Labour leftwingers echoed the charity’s call for a wealth tax following the findings in the Inequality Kills study, which said 21,300 people die every day from inequality amounting to “economic violence.”

The grotesque fortunes of billionaire moguls including Amazon top dog Jeff Bezos and Tesla tycoon Elon Musk have grown more during the coronavirus crisis than in the previous 14 years, Oxfam said.

The top 10 plutocrats’ combined wealth has more than doubled from $700 billion to $1.5 trillion — an increase of $1.3bn a day or $15,000 a second. In the same period 160 million more people have been forced into poverty.

“If these 10 men were to lose 99.999 per cent of their wealth tomorrow, they would still be richer than 99 per cent of all the people on this planet,” said Oxfam International’s executive director Gabriela Bucher.

“They now have six times more wealth than the poorest 3.1 billion people. 

“Billionaires have had a terrific pandemic. Central banks pumped trillions of dollars into financial markets to save the economy, yet much of that has ended up lining the pockets of billionaires riding a stock market boom.

“We need to claw back this incredible billionaire bonanza with new wealth and capital taxes. It is simple, common sense: tax the super-rich and spend the money on nurses, on hospitals and vaccines,” Ms Bucher said.

In the EU and Britain, the 107 richest people own more wealth than the bottom 179 million citizens, Oxfam adds.

Hemsworth MP Jon Trickett, who last autumn published The Nature of Wealth in Britain: How Wealth Wields Power and the Case for a Wealth Tax, told the Morning Star that the growth in wealth of the super-rich was directly linked to the falling incomes of the 99 per cent.

Through the pandemic a new billionaire was minted every 26 hours, while Inequality Kills calculates that inequality contributes to the death of a person every four seconds.

“This immoral situation must not continue. Tax wealth now!” Mr Trickett told the Morning Star.

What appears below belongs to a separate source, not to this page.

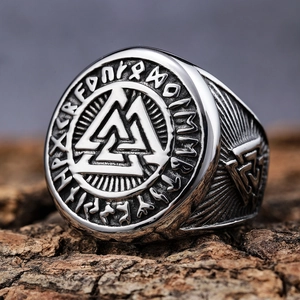 Vintage stainless steel Viking Valknut ring with Norse runes on a rustic wood background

And Leeds East MP Richard Burgon, the secretary of the Socialist Campaign Group of MPs who has submitted a private member’s Bill calling for a wealth tax to replace Chancellor Rishi Sunak’s looming National Insurance hike targeting ordinary people’s incomes, said inequality had reached “obscene” levels.

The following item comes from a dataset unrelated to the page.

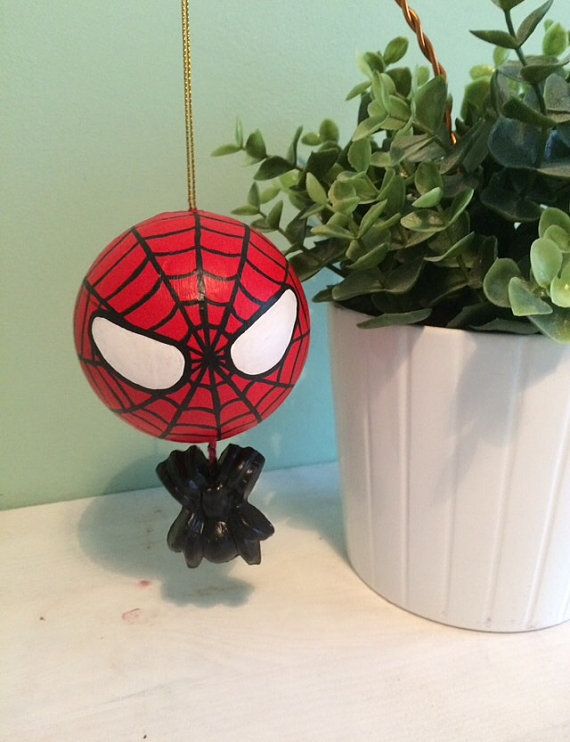 a spider man ornament next to a potted plant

“The pandemic has not just highlighted the grotesque inequalities baked into our global economic system — it has made them much worse. While millions have really suffered during this pandemic, billionaires have increased their collective wealth by a sickening $5 trillion,” he said. 

“Instead of taxes on working people, as we are seeing under the Tories, we need to step up the fight for a wealth tax on the billionaire class — starting with those who have made super-profits out of this crisis.”

Oxfam estimates that a one-off 99 per cent tax on the 10 richest men’s pandemic profits would raise enough cash to provide vaccines for everyone in the world, pay for universal healthcare, “fund climate adaptation and reduce gender-based violence in over 80 countries” and still leave them $8 billion richer than they were two years ago.

“Millions of people would still be alive today if they had had a vaccine — but they are dead, denied a chance while big pharmaceutical corporations continue to hold monopoly control of these technologies,” the charity warned, calling on this week’s World Economic Forum to study the report and for Britain and the European Union to drop their opposition to vaccine patent waivers.

This would allow poor nations to make their own jabs, rather than relying on donations from rich countries. 

The findings came as think tank IPPR North’s study, also published today, said that regional inequality in Britain was widening despite the government’s “levelling up” rhetoric.

And they add pressure on ministers as ordinary people face soaring energy bills and attacks on working-class incomes through real-terms pay cuts and withdrawal of the universal credit uplift.